Data provided ::
□ □ □

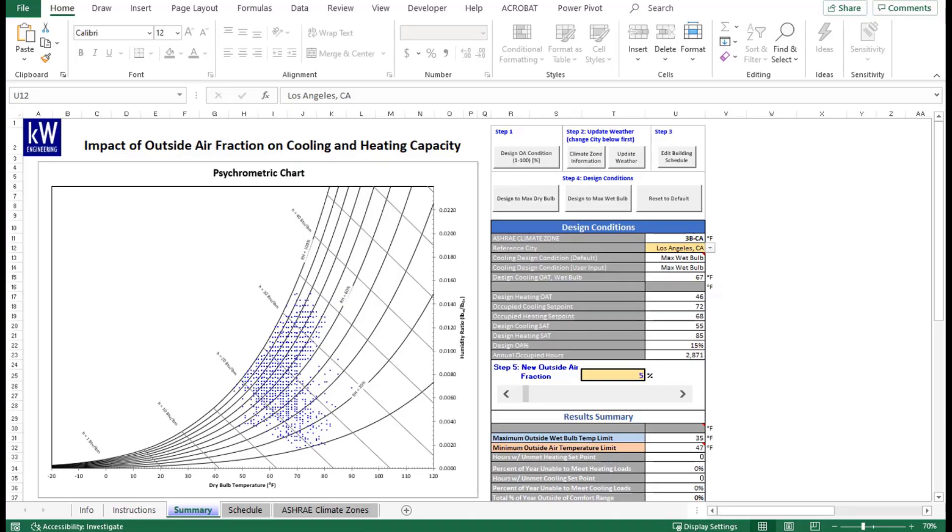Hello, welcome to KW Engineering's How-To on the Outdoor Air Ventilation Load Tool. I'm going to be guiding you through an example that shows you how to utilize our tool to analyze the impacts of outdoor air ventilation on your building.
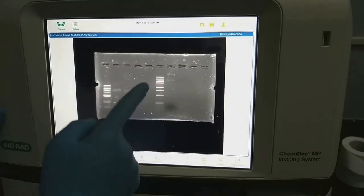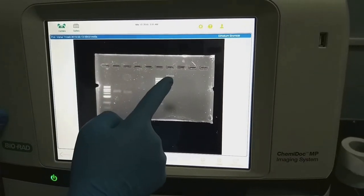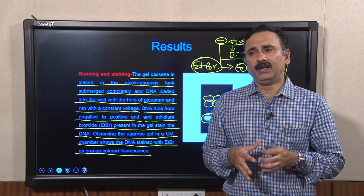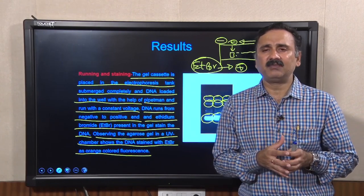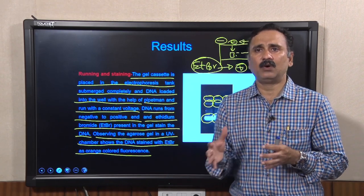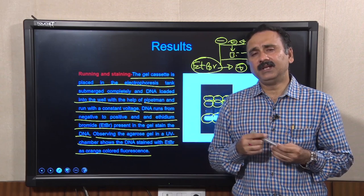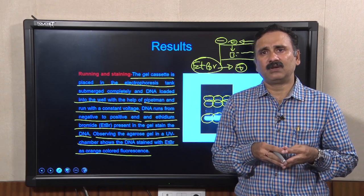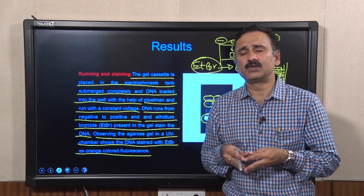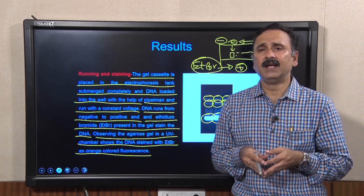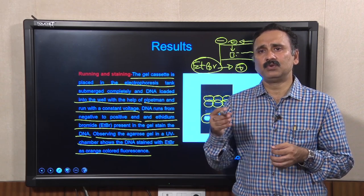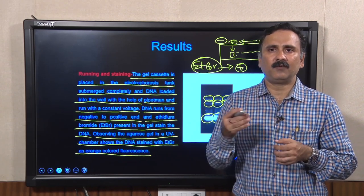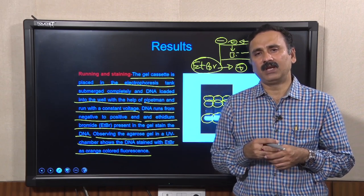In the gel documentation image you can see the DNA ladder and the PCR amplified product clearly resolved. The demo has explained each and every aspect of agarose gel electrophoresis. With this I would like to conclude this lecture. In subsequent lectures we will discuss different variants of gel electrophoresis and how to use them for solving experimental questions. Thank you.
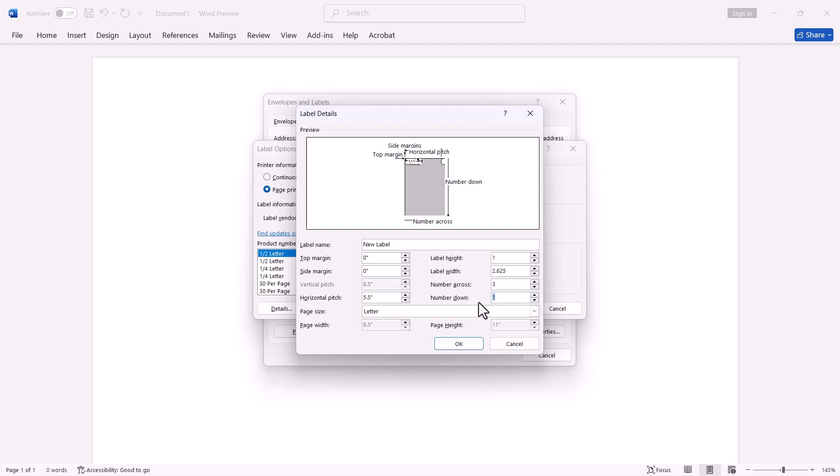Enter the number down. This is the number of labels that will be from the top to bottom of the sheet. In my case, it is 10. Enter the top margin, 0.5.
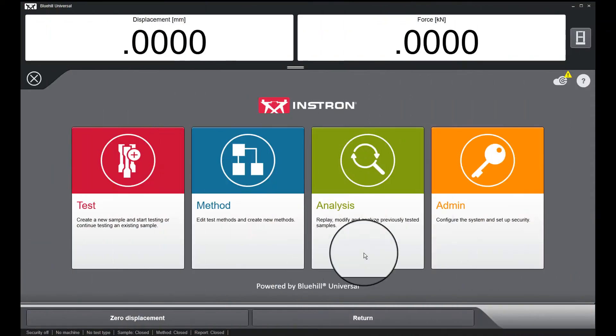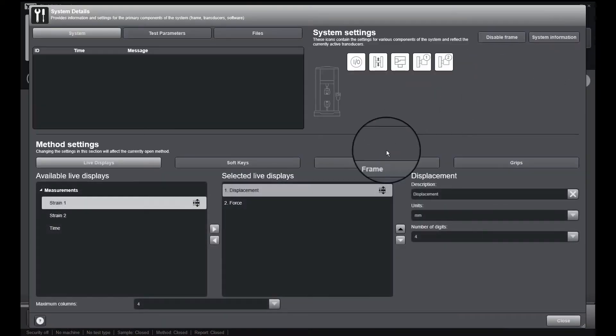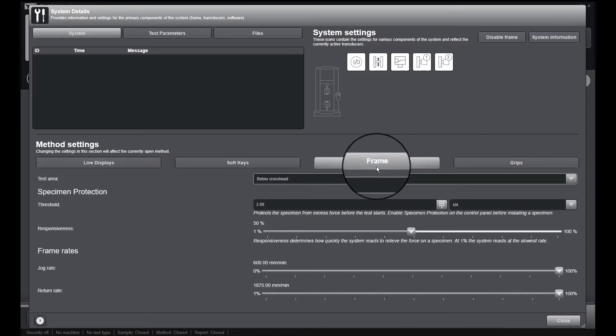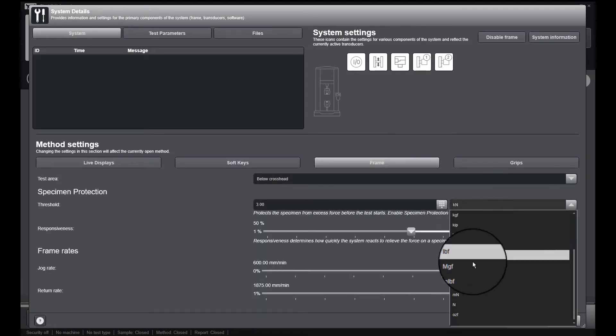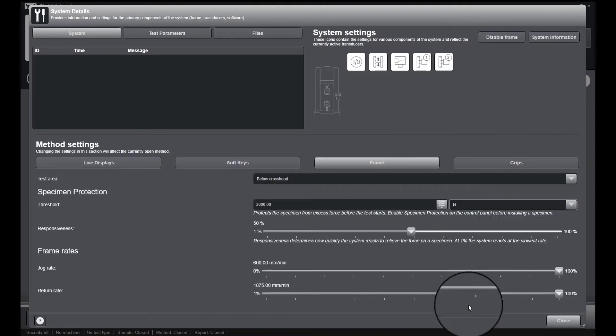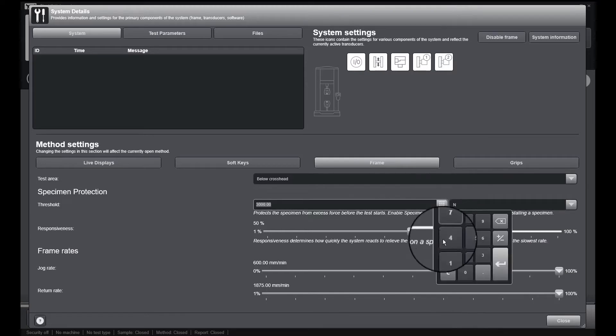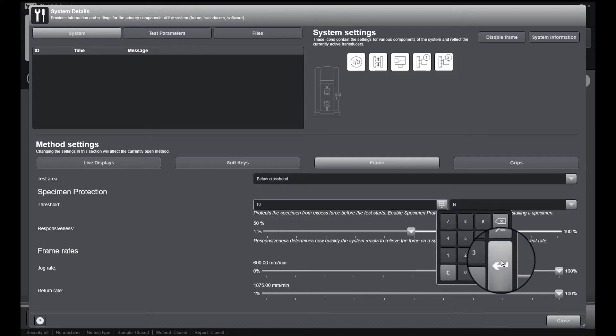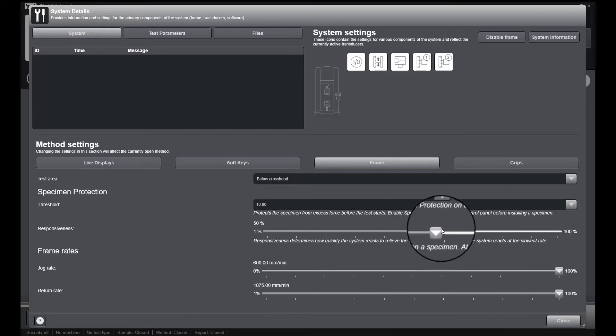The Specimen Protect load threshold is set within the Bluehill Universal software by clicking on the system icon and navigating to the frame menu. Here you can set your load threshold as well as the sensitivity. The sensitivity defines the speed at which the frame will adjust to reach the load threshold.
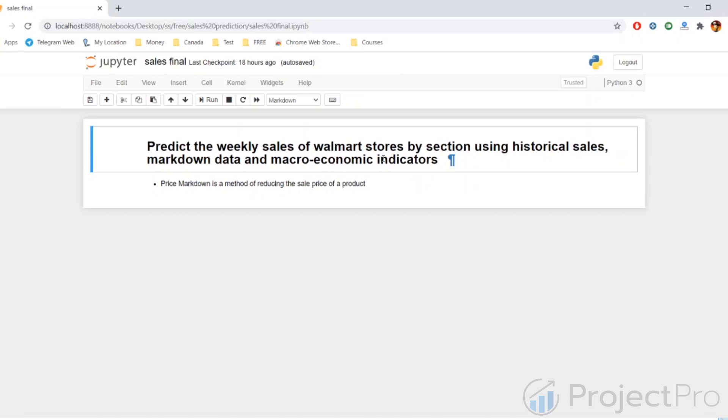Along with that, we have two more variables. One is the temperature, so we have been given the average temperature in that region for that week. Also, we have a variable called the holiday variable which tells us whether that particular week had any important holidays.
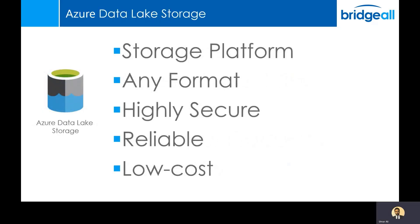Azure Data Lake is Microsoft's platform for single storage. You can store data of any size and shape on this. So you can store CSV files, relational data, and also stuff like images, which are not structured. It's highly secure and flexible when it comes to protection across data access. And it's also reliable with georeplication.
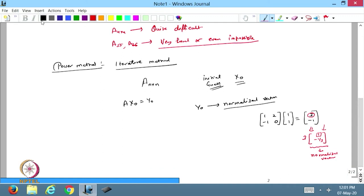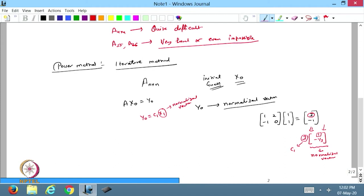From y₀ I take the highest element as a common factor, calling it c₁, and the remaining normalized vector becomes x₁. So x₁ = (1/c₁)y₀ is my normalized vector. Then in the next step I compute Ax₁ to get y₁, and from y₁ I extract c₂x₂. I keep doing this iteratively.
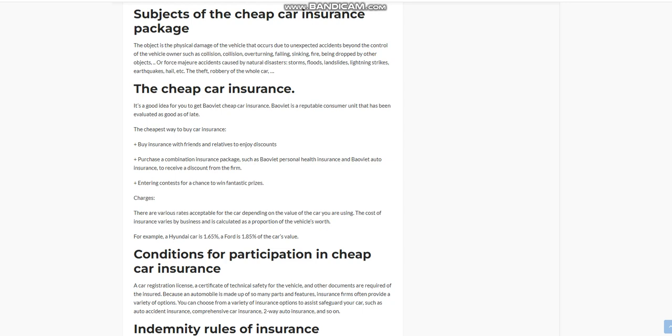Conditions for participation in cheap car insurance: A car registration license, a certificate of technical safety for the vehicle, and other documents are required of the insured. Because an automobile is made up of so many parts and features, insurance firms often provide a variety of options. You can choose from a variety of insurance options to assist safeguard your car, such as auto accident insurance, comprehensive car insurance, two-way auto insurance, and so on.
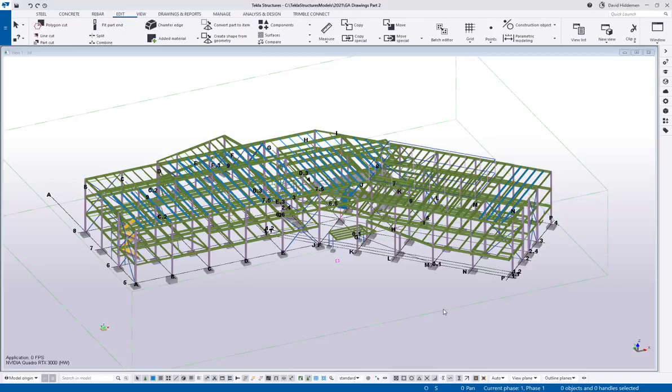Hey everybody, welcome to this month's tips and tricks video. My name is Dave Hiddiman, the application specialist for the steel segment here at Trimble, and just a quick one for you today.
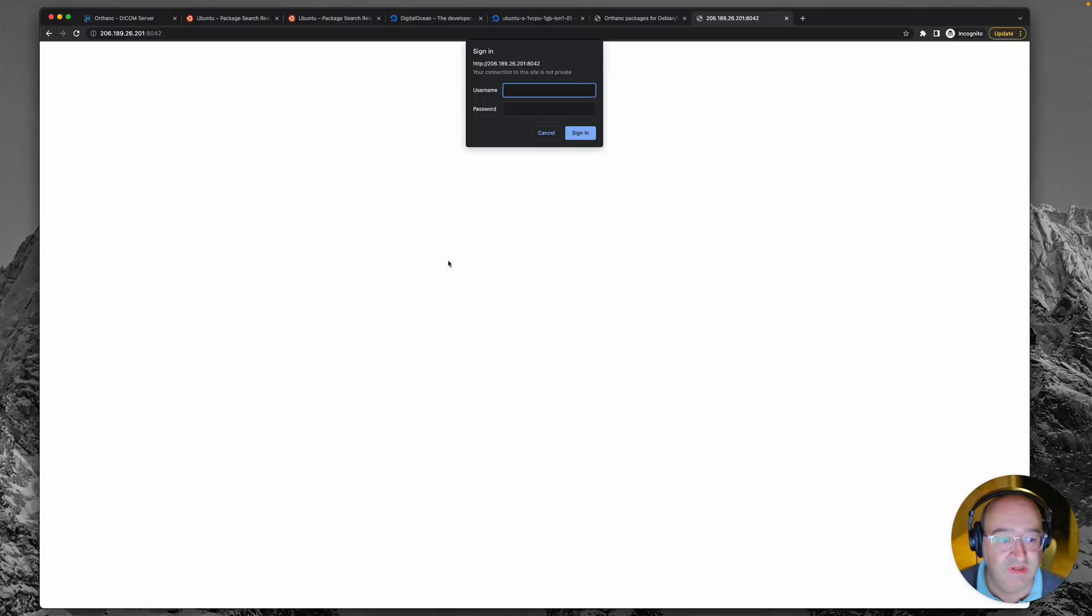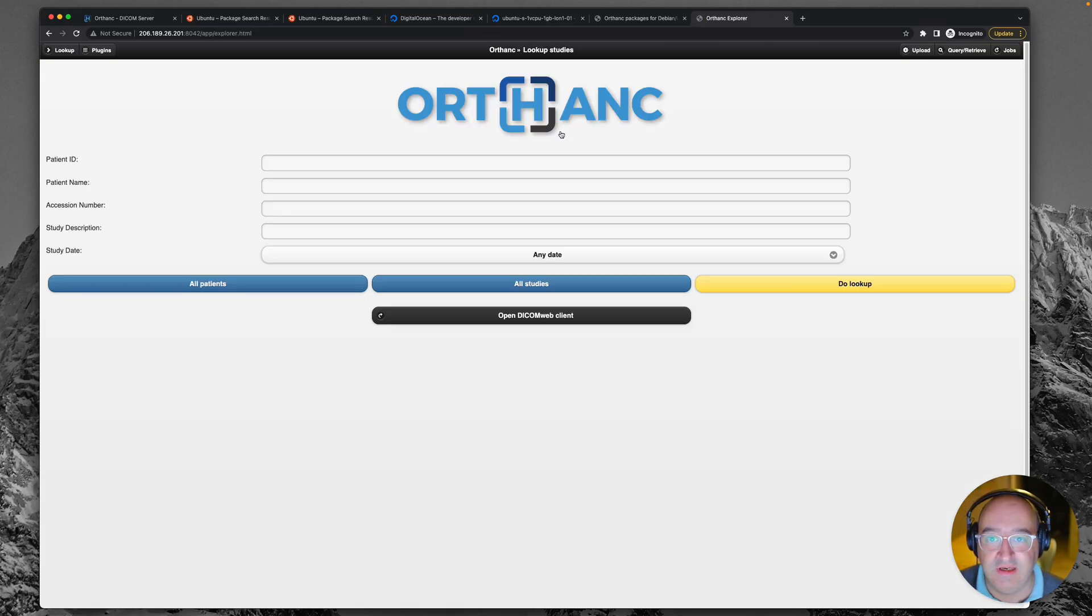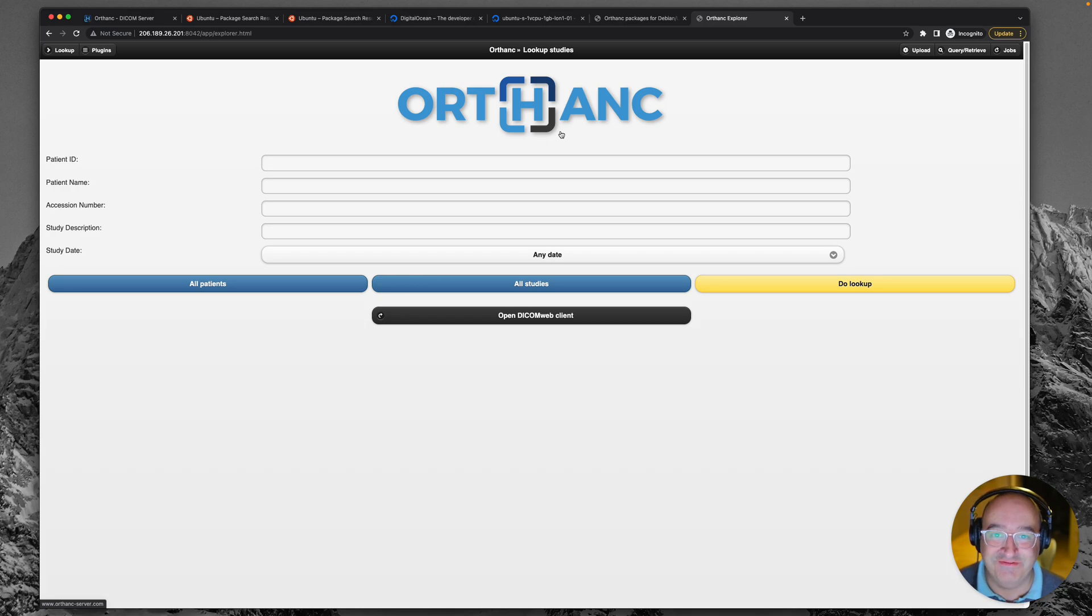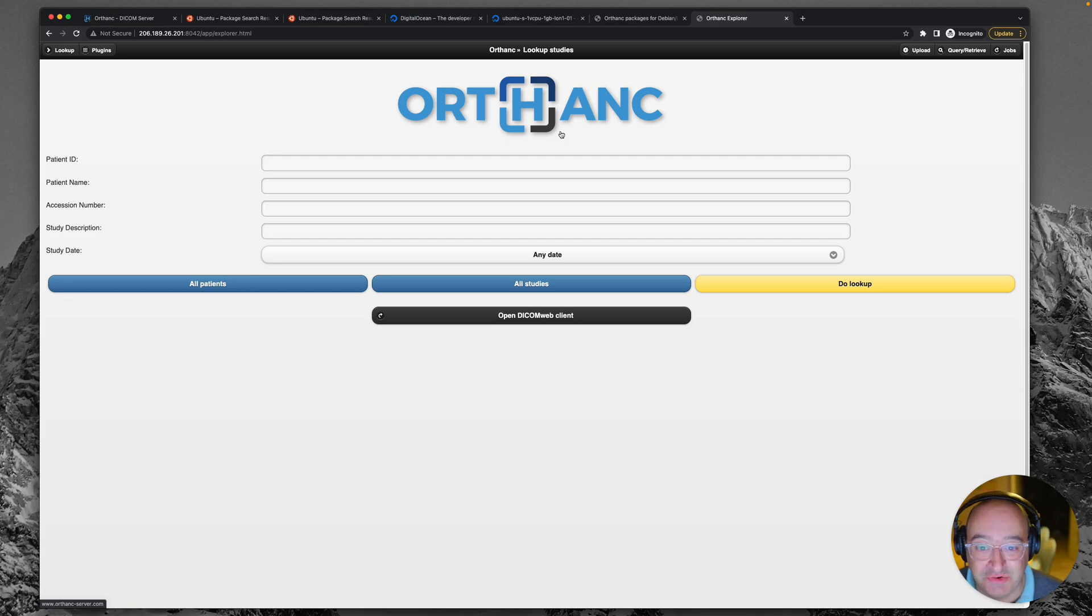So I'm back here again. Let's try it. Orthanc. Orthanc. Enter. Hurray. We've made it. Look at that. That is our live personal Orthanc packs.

□ □ □

What is required :: Exactly as written, please give again the lines from the beginning of the listing through the line containing "Along with that, we", inclusive, without any pictures.

Task response ::
Hello, welcome to KW Engineering's How-To on the Outdoor Air Ventilation Load Tool. I'm going to be guiding you through an example that shows you how to utilize our tool to analyze the impacts of outdoor air ventilation on your building.
In the gel documentation image you can see the DNA ladder and the PCR amplified product clearly resolved. The demo has explained each and every aspect of agarose gel electrophoresis. With this I would like to conclude this lecture. In subsequent lectures we will discuss different variants of gel electrophoresis and how to use them for solving experimental questions. Thank you.
Enter the number down. This is the number of labels that will be from the top to bottom of the sheet. In my case, it is 10. Enter the top margin, 0.5.
The Specimen Protect load threshold is set within the Bluehill Universal software by clicking on the system icon and navigating to the frame menu. Here you can set your load threshold as well as the sensitivity. The sensitivity defines the speed at which the frame will adjust to reach the load threshold.
Along with that, we have two more variables. One is the temperature, so we have been given the average temperature in that region for that week. Also, we have a variable called the holiday variable which tells us whether that particular week had any important holidays.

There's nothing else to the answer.